We had a bit of an up and down time I has more bleeding on tues but it settled down ok,so I have been knicker checking for almost a week already!!!  We go 13 eggs and 12 embies, 2 are snuggling down all cosy and 3 are chilling out under observation and 6 are frozen.  This is the first time w e have ever had any frosties as my eggs were obviously pants!! Also didn't have to have icsi this time either.  I missed the children like mad and couldn't wait to get back. We got a really lovely reception when we got in last night but they are now disinterested as normal and back to causing havoc around the house!!

Rachel did they question putting 2 back for you? They checked and rechecked with us as we already had children. When the dr had put them in she said she hoped one stayed put or maybe  2 and would I be ok if it was twins!! when Isaid we already had twins I swear I thought she was going to suck one out!!!!


Will catch up with you all soon, off to think of ways to keep calm until 4th dec!!


----------



## bluebell

Skirtgirl, that's fab news !!!!  It is great to have so many frostes as it will help you relax a tiny bit during this 2WW.  Let's hope you don't need them though and that you get a big fat positive.  

Izzy, been thinking of you loads. You are nearly past that milestone !    Hope it's all plain sailing for you and that you can relax soon.

Rachel, hope you are feeling much better now that you are home with your family around you.

WWAV - not long now !

Love Bloobs xxx


----------



## Rachel

Skirtgirl - Well done to you    Wishing you lots of positive thoughts for your 2ww    The having 2 embryos put back wasn't an issue for our clinic. Ruth agreed with us when we said that we wanted to give it the best possible chance of working.
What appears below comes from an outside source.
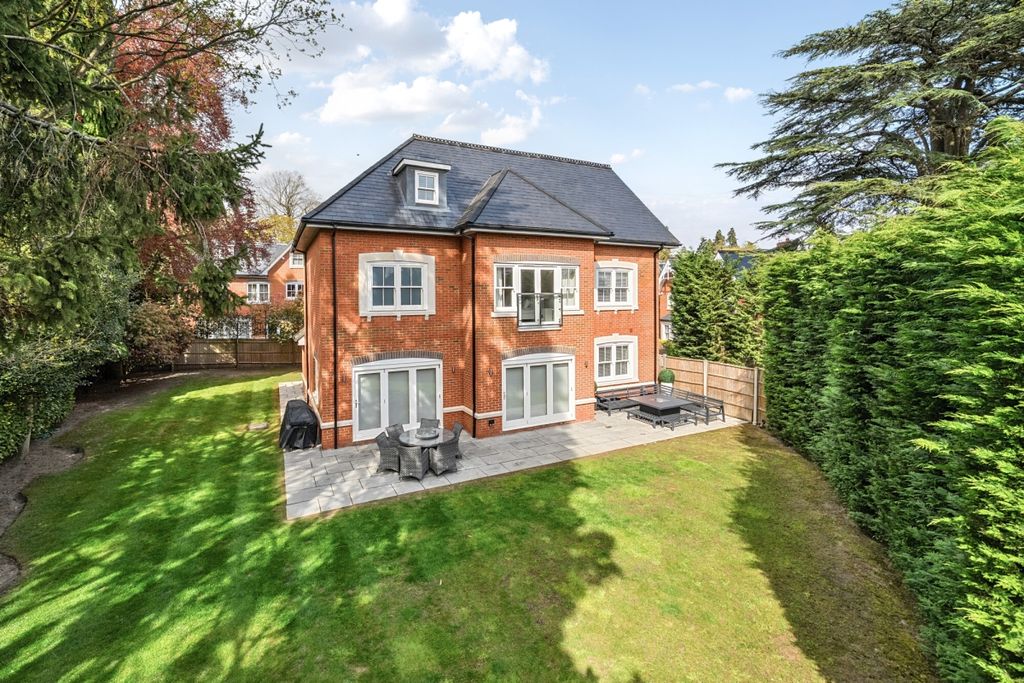 Additional image 4 of 5 bed detached house to rentWindsor Grey Close, Ascot SL5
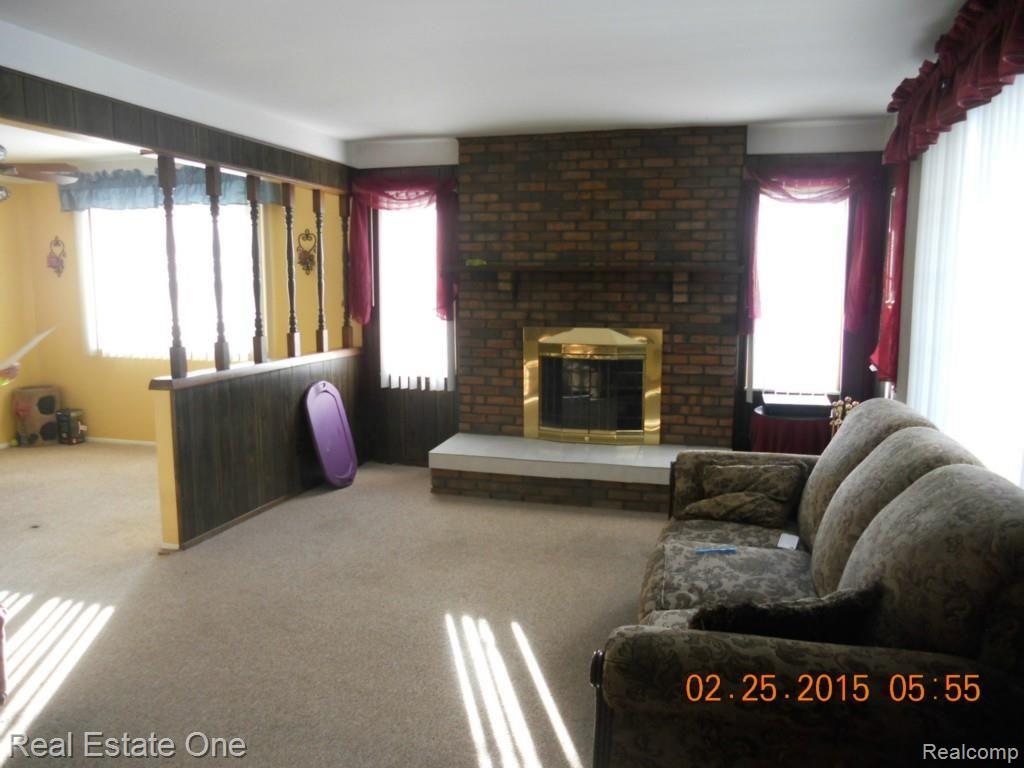 637 Goddard Road Wyandotte, MI 48192 - Photo 9 of 22 Gallery Image 9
I am not worried if it is twins again, I shall just feel doubly doubly blessed   

Rachel xxxx


----------



## Skirtgirl

I am not bothered either Rachel, been there done that worn the tee shirt. short term pain for long term gain!!


----------



## three_stars

Skirtgirl said:


> as we already had children. When the dr had put them in she said she hoped one stayed put or maybe 2 and would I be ok if it was twins!! when Isaid we already had twins I swear I thought she was going to suck one out!!!!


Too funny!


----------



## Rachel

Sorry in advance for the 'me' post  

Feeling totally negative today   Had crampy pains in the night but I did have a bit of curry sauce with my chips so may have been that. Also, my usually very positive dh said last night that he didn't think this time would work. He said too much was against us. I suppose after the wonderful positive cycle we were expecting hte same this time   He's worried cause I can't rest as much as last time but I assured him that I sit down at every possible opportunity and haven't lifted the girls even though there's been tears when I have to refuse. They keep saying that I have a poorly tummy and rubbing it for me! 

I think another thing making it worse is that we are all ill (except dh). I still have hardly no voice and both girls have colds and Emma is as husky as me! 

Got to fly as I can hear moaning cause I haven't opened the curtains in their playroom yet! 

Love to everyone 

Rachel xxxx


----------



## Izzy x

Rachel, Really feel for you because i felt the same. I think that i looked for the symptoms that i had the last time. Its so hard not to pick your girls up but remember what you are doing, is totally for their benefit too! 

Bloobs, thanks for the best wishes yet again. I've got a scan on Thurs when we will be exactly at the point that we got to before. I think i might start feeling a little more human if we can get past this one. This has definitely been my hardest cycle. A  friend was looking at the photographs on my fridge last week. She said how lovely and well i looked in one of the photos. It was taken a month before i was diagnosed with pof. I think the last four years might have taken their toll a bit! 
Anyway, hope you are doing OK. You seem to have remained your strong self. i promise to phone you soon when i feel less like a tortoise hiding under a shell! 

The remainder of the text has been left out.